L’intervento ha potuto contare fin dall’inizio su una collaborazione sinergica con la scuola, che ha avuto un ruolo centrale nella costruzione di una rete educativa condivisa. Questo ha consentito di garantire continuità tra i contesti di apprendimento, promuovendo una generalizzazione più efficace delle competenze allenate e una coerenza educativa che ha contribuito in modo determinante al successo del percorso.
Grazie a tale lavoro integrato, e in assenza di caratteristiche neuropsicologiche strutturate di rilievo, è stato possibile osservare un recupero progressivo delle competenze attese e, soprattutto, un miglioramento significativo nella percezione di efficacia personale, nella motivazione al compito e nella fiducia nelle proprie capacità. Questo cambiamento ha avuto ricadute positive non solo sugli apprendimenti, ma anche sul benessere emotivo e relazionale del bambino, che oggi si mostra più coinvolto, più resistente alla frustrazione e più disponibile ad affrontare situazioni nuove o complesse.
In definitiva, l’attivazione tempestiva dell’intervento ha contribuito a modificare la traiettoria evolutiva del bambino, contenendo il rischio di cronicizzazione delle difficoltà e favorendo lo sviluppo armonico delle competenze trasversali. I progressi registrati dimostrano quanto la prevenzione, la tempestività e l’integrazione degli interventi possano avere un impatto concreto nel favorire percorsi scolastici e di vita più funzionali, rispettosi delle caratteristiche individuali ma orientati al potenziamento delle risorse personali.
CONCLUSIONI
L’esperienza descritta in questo elaborato ha permesso di evidenziare, in modo concreto e documentato, il valore clinico, preventivo e operativo di un modello strutturato di screening precoce per l’individuazione dei Disturbi Specifici dell’Apprendimento (DSA), attuato in collaborazione tra scuola, famiglie e servizi clinici accreditati.
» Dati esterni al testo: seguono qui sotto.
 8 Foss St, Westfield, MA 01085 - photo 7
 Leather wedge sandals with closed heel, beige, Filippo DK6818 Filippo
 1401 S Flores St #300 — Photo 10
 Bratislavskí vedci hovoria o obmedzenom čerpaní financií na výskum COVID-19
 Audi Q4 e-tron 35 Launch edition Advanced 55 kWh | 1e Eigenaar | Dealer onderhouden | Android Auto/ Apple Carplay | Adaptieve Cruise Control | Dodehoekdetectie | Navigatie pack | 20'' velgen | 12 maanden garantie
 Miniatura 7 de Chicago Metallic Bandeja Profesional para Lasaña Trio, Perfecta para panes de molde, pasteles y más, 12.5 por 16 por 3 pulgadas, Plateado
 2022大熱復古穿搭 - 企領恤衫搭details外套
I dati raccolti hanno mostrato una buona sensibilità e affidabilità del protocollo di screening, con un’elevata concordanza tra le prove collettive e quelle individuali, in particolare per i profili ad alto rischio (fascia rossa). Questo risultato sottolinea il potenziale dello screening come strumento efficace di prevenzione secondaria, capace di orientare tempestivamente verso un approfondimento clinico solo nei casi realmente necessari, con una conseguente ottimizzazione delle risorse disponibili.
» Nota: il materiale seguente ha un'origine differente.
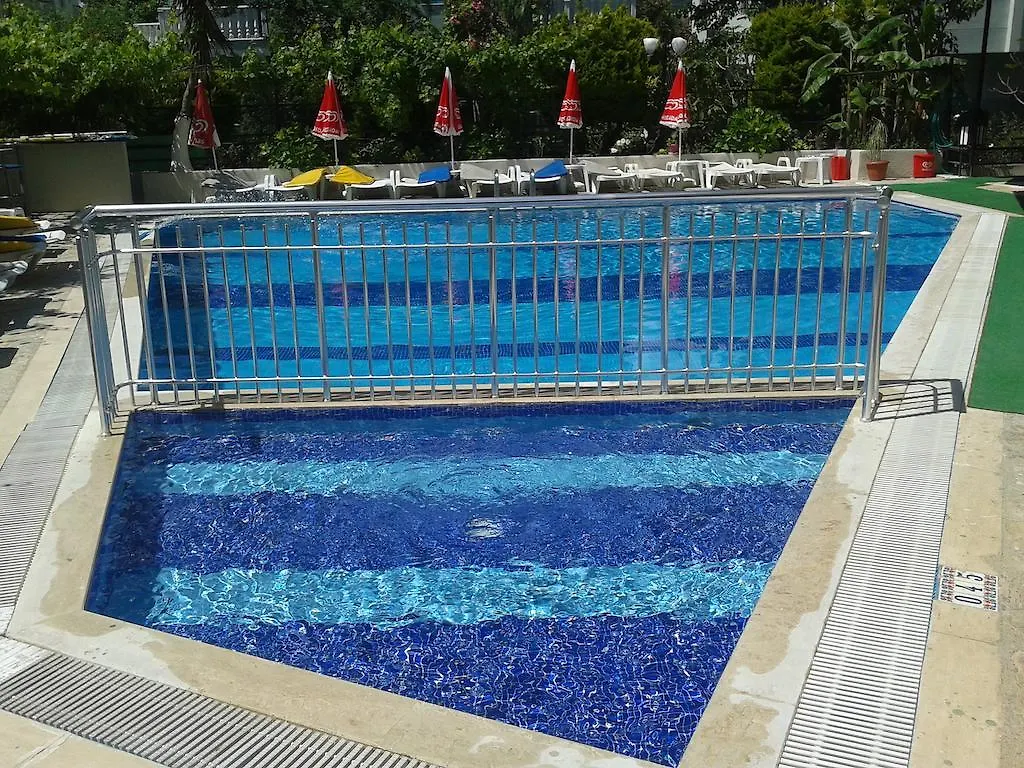 公寓式酒店 Kamelya Apart Hotel 马尔马里斯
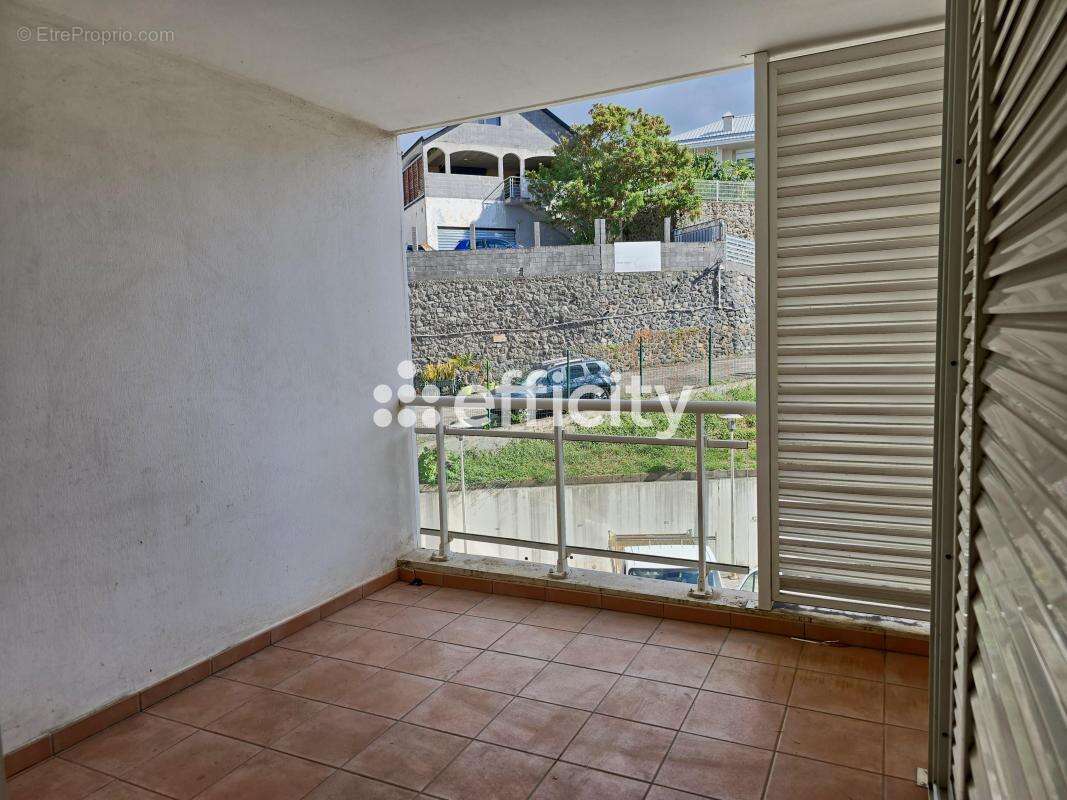 Appartement à SAINT-DENIS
Allo stesso tempo, l’analisi ha messo in luce alcuni limiti del protocollo nella rilevazione dei profili borderline o a rischio medio (fascia gialla) e proprio da queste criticità sono nate riflessioni metodologiche importanti, tra cui la possibilità di integrare la fase collettiva con prove individuali mirate ad alta capacità discriminante, e l’idea di un modello di analisi integrato che tenga conto di più fattori: dati oggettivi, questionari osservativi e informazioni anamnestiche.
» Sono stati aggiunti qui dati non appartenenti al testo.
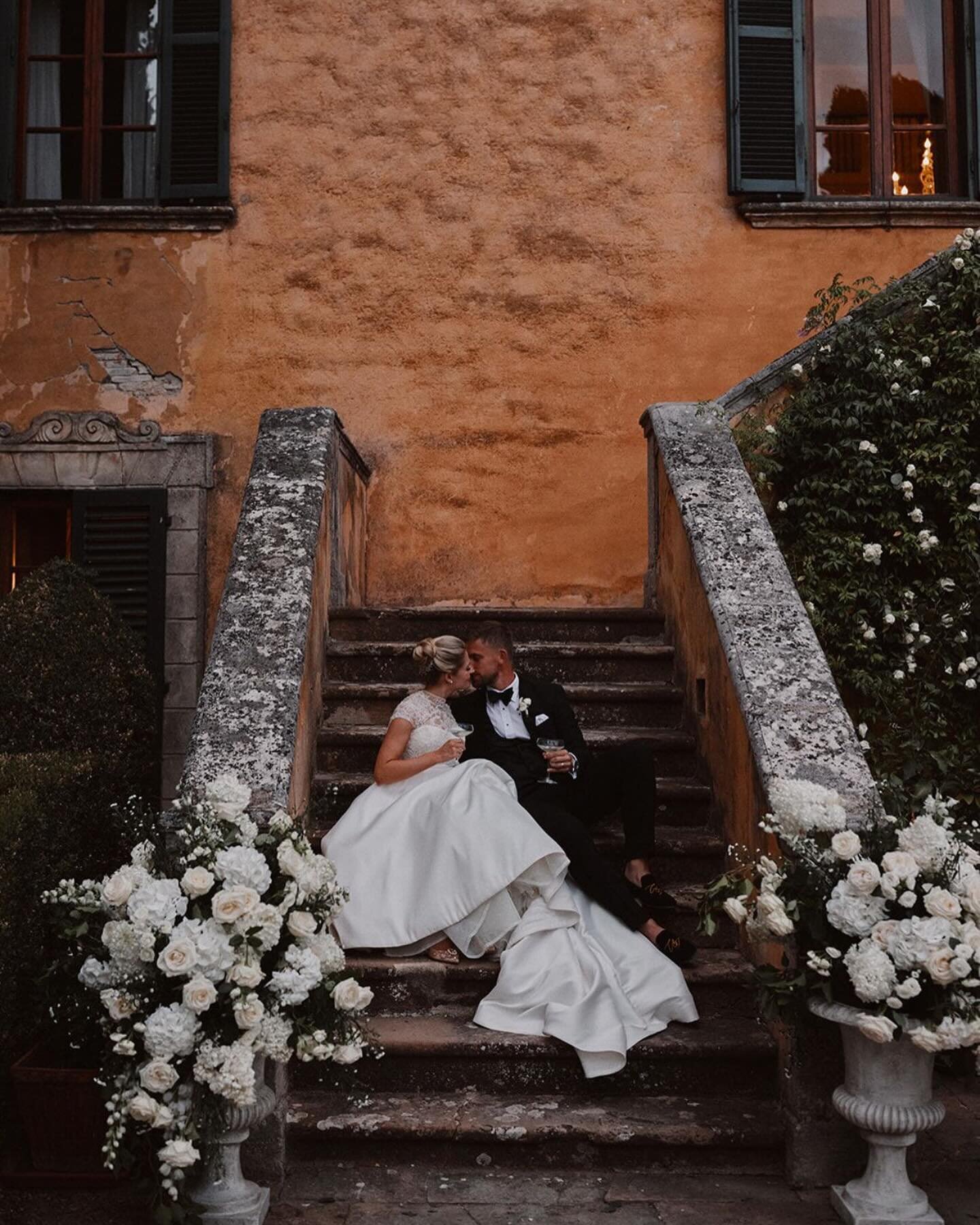 Tamsin &amp; Craig take a moment to themselves&hellip; 

@benjaminwheeler 

#italianwedding #italywedding #tuscanweddingvenue #luxurywedding #italyweddingplanner #italianweddingplanner
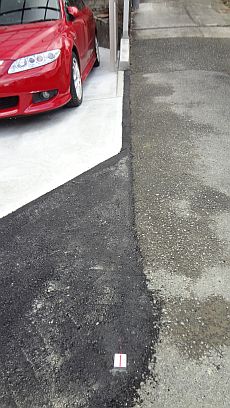 駐車スペース側面側。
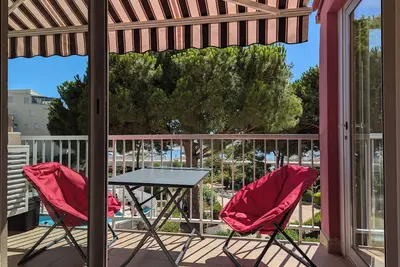 Image de \"Le Pharo\" Face au Port, piscine, clim, garage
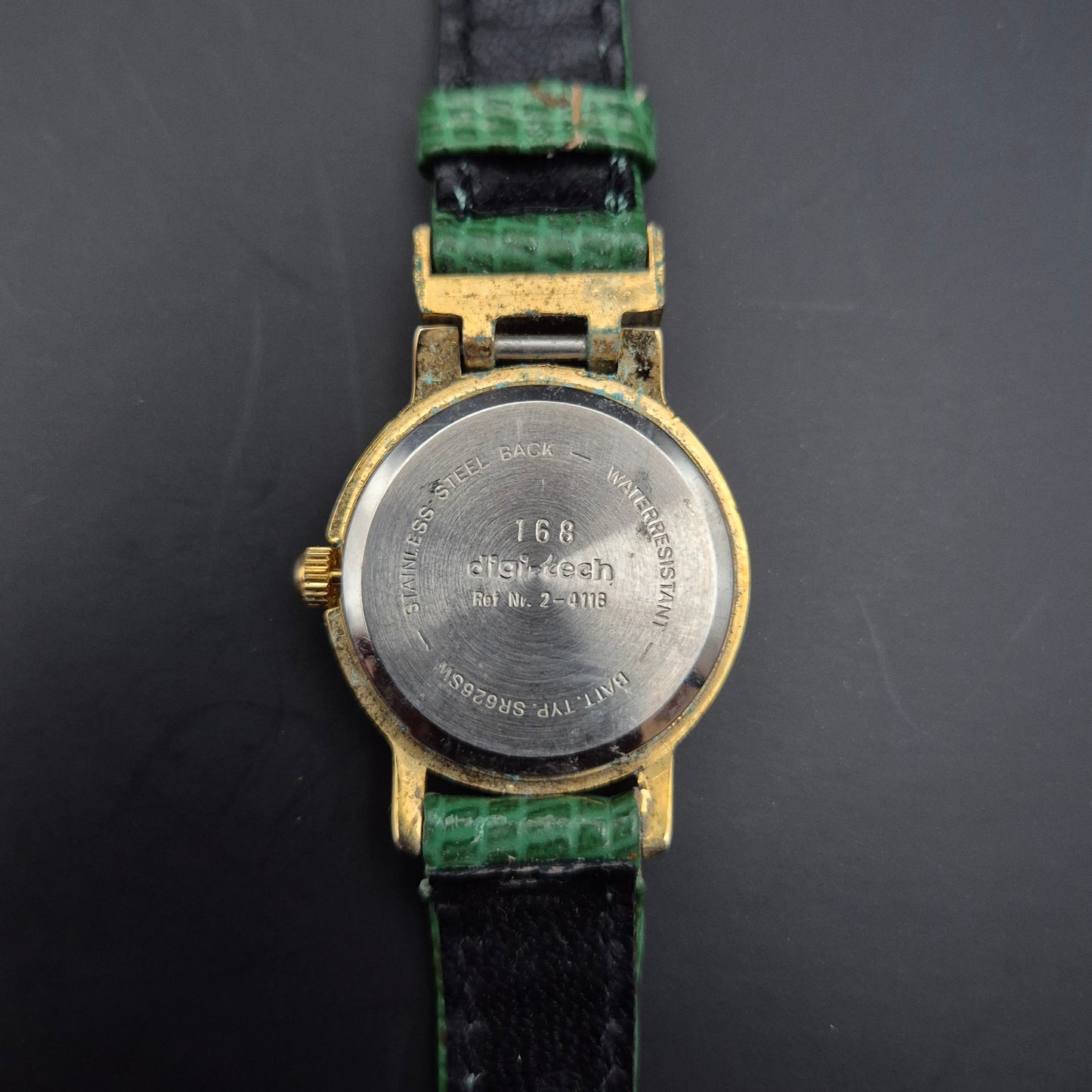 Lipsi Damen Uhr – Vergoldetes Gehäuse mit grünem Lederarmband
Particolarmente rilevante è stato il coinvolgimento attivo delle insegnanti, le quali, adeguatamente formate, si sono rivelati risorse preziose nella fase osservativa e nella somministrazione delle prove.
Questa collaborazione ha reso la scuola un contesto di osservazione sensibile e competente, capace di cogliere segnali precoci di difficoltà e di attivare, in rete con i servizi, un percorso di supporto tempestivo e personalizzato.
Dall’analisi dei profili di rischio è stata confermata una correlazione significativa con alcuni fattori predisponenti, come il sesso maschile, la presenza di familiarità per DSA e pregresse difficoltà di linguaggio, confermando l’importanza di un’anamnesi accurata come elemento chiave nel processo di valutazione precoce.
In sintesi, uno screening precoce, condotto con strumenti validati in un’ottica integrata e condivisa, rappresenta un modello di lavoro clinico-scolastico efficace, sostenibile in termini di risorse economiche e umane.
La collaborazione tra scuola e servizi specialistici, se ben coordinata, può offrire risposte più rapide, mirate ed efficaci, contribuendo a costruire un sistema realmente inclusivo e attento ai bisogni evolutivi dei bambini.
Per il futuro, appare auspicabile estendere l’utilizzo di questo modello a campioni più ampi,
strutturando protocolli d’intesa formali tra scuole e servizi e coinvolgendo anche l’ultimo anno della scuola dell’infanzia, in un’ottica di prevenzione ancora più precoce. Quest’anno l’equipe ABC delle Emozioni, con il coinvolgimento di stendenti dell’Università di Tor Vergata, realizzerà nuovamente lo screening su un ulteriore campione di trecento bambini frequentanti la classe seconda della scuola primaria.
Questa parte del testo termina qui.